--- TASK DATA ---
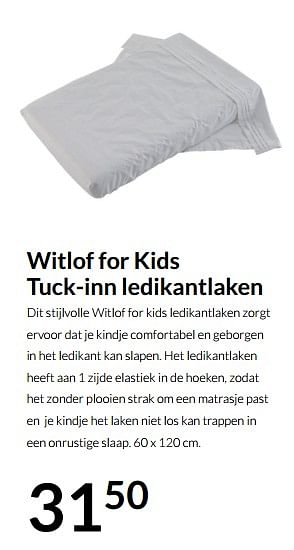 Aanbiedingen Witlof for kids tuck-inn ledikantlaken - Witlof for Kids - Geldig van 19/10/2021 tot 15/11/2021 bij Babypark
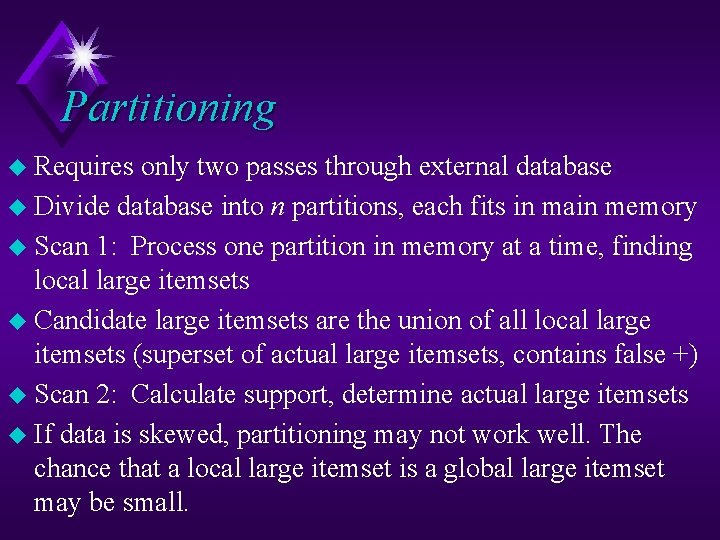 Partitioning u Requires only two passes through external database u Divide database into n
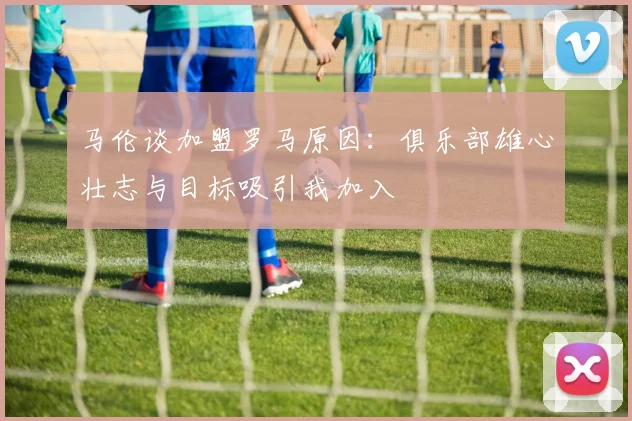 马伦谈加盟罗马原因：俱乐部雄心壮志与目标吸引我加入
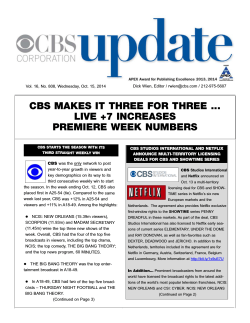 CBS MAKES IT THREE FOR THREE ... LIVE +7 INCREASES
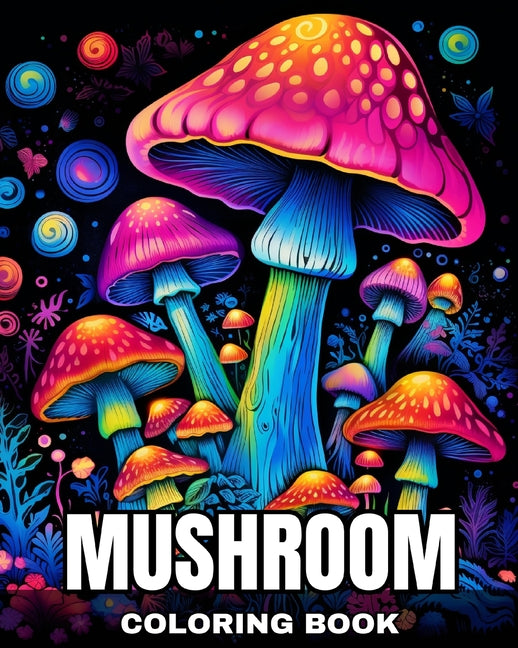 Mushroom Coloring Book: Fantastic Mushrooms Coloring Pages for Adults and Teens - Paperback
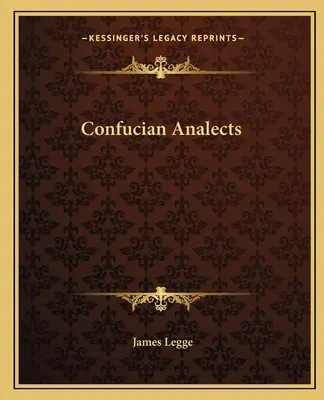 Analectele confucianiste - Confucian Analects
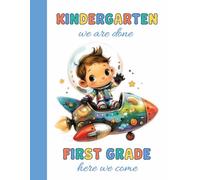 Kindergarten We Are Done, First Grade Here We Come!: Drawing, Writing & Colouring Book for Boys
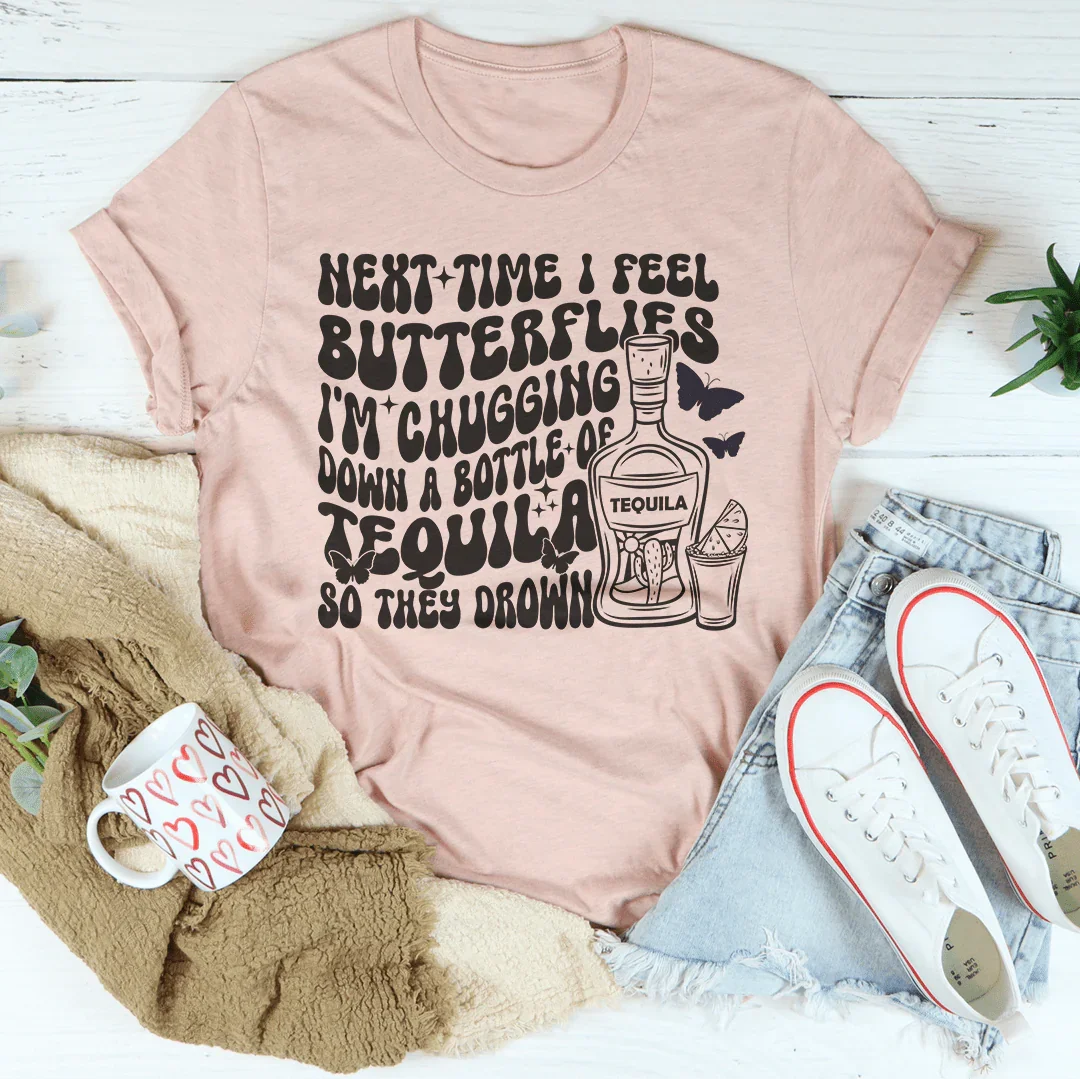 Next Time I Feel Butterflies I'm Chugging Down Tee Peachy Sunday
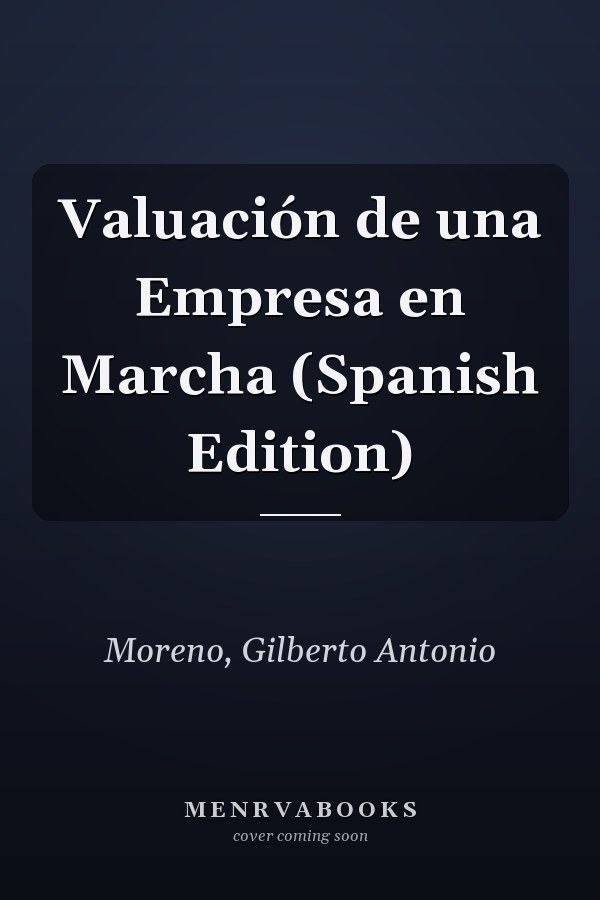 Valuación de una Empresa en Marcha (Spanish Edition)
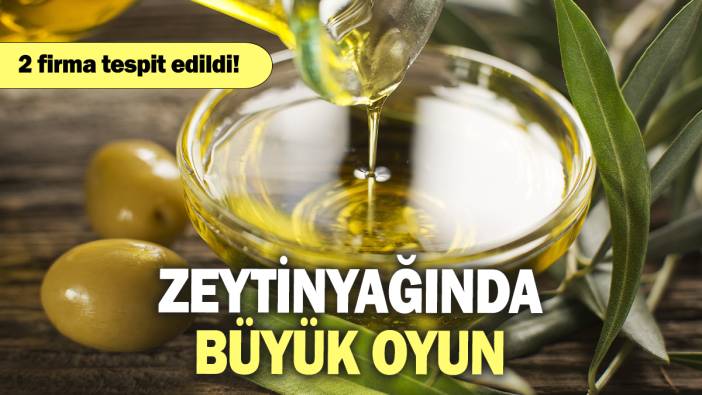 Zeytinyağında büyük oyun: 2  firma tespit edildi!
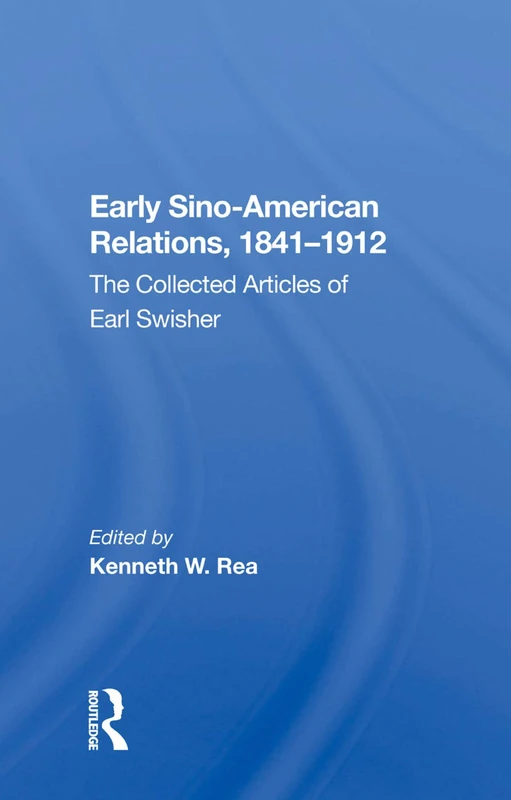 Early Sino-amer Relations: 1841-1912 - Image 1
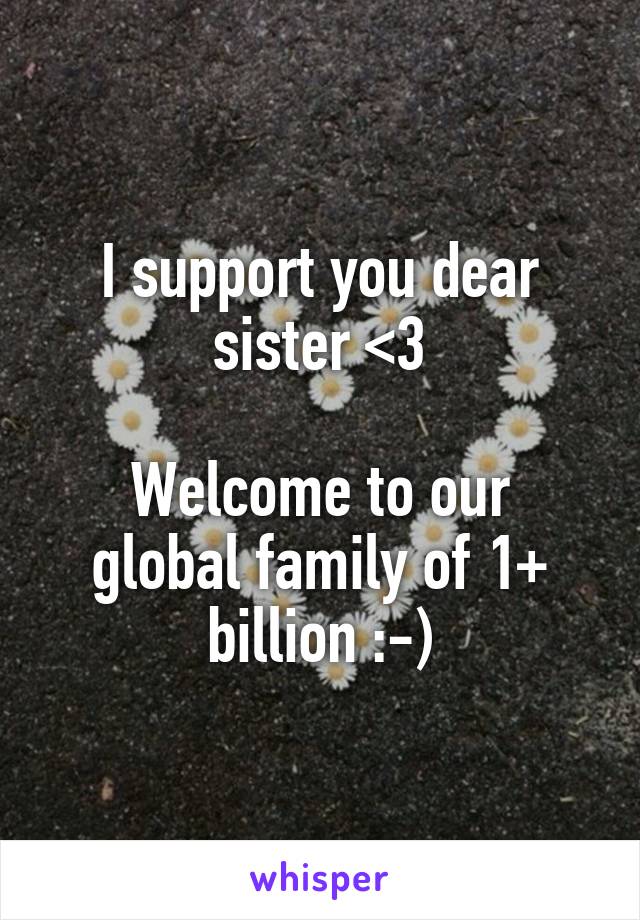 I support you dear sister <3

Welcome to our global family of 1+ billion :-)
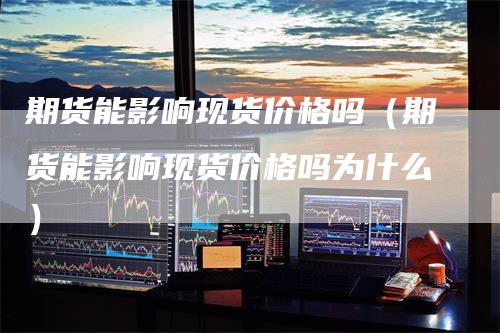 期货能影响现货价格吗（期货能影响现货价格吗为什么）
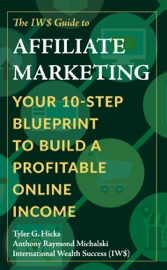 The IW$ Guide to Affiliate Marketing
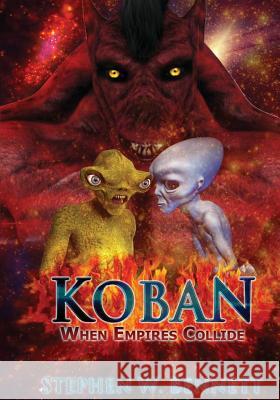 Koban: When Empires Collide Stephen W. Bennett 9781547027729 Createspace Independent Publishing Platform - książka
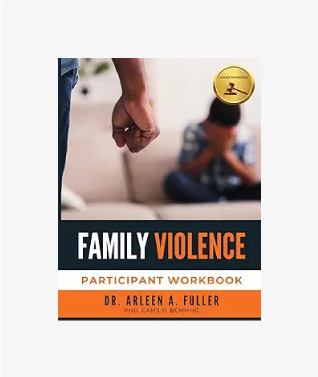 Family Violence Participant Workbook: A Court-Approved Guide to Understanding, Preventing, and Healing from Family Violence (e)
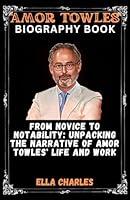 Algopix Similar Product 11 - Amor Towles Biography Book  From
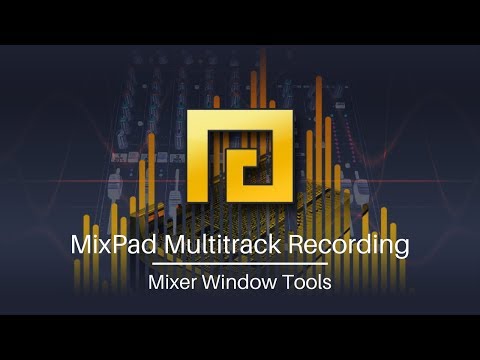 How to Use the Mixer Window Tools | MixPad Multitrack Recording Software Tutorial
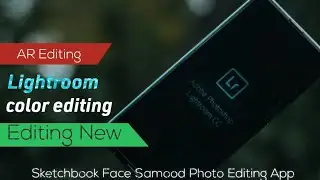 Lightroom.color.Editing //Sketchbook.Face.Samood //Snapseed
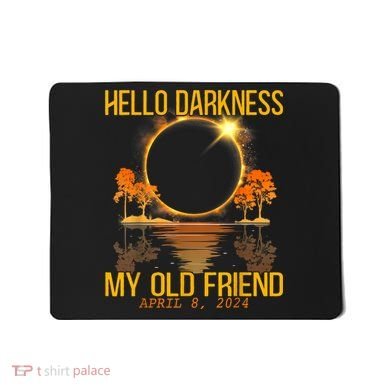 Hello Darkness My Old Friend Solar Eclipse April 08 2024 Mousepad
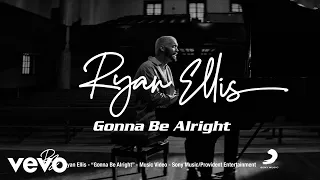 Ryan Ellis - Gonna Be Alright (Official Music Video)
---
WORK TO COMPLETE
Nothing but the lines from the one containing "Early Sino-amer Relations: 1841-1912" through the last line of the data should appear in the answer, copied exactly, with pictures excluded.

THE COMPLETED TASK
 Early Sino-amer Relations: 1841-1912 - Image 1
 I support you dear sister <3

Welcome to our global family of 1+ billion :-)
 期货能影响现货价格吗（期货能影响现货价格吗为什么）
 The IW$ Guide to Affiliate Marketing
 Koban: When Empires Collide Stephen W. Bennett 9781547027729 Createspace Independent Publishing Platform - książka
 Family Violence Participant Workbook: A Court-Approved Guide to Understanding, Preventing, and Healing from Family Violence (e)
 Algopix Similar Product 11 - Amor Towles Biography Book  From
 How to Use the Mixer Window Tools | MixPad Multitrack Recording Software Tutorial
 Lightroom.color.Editing //Sketchbook.Face.Samood //Snapseed
 Hello Darkness My Old Friend Solar Eclipse April 08 2024 Mousepad
 Ryan Ellis - Gonna Be Alright (Official Music Video)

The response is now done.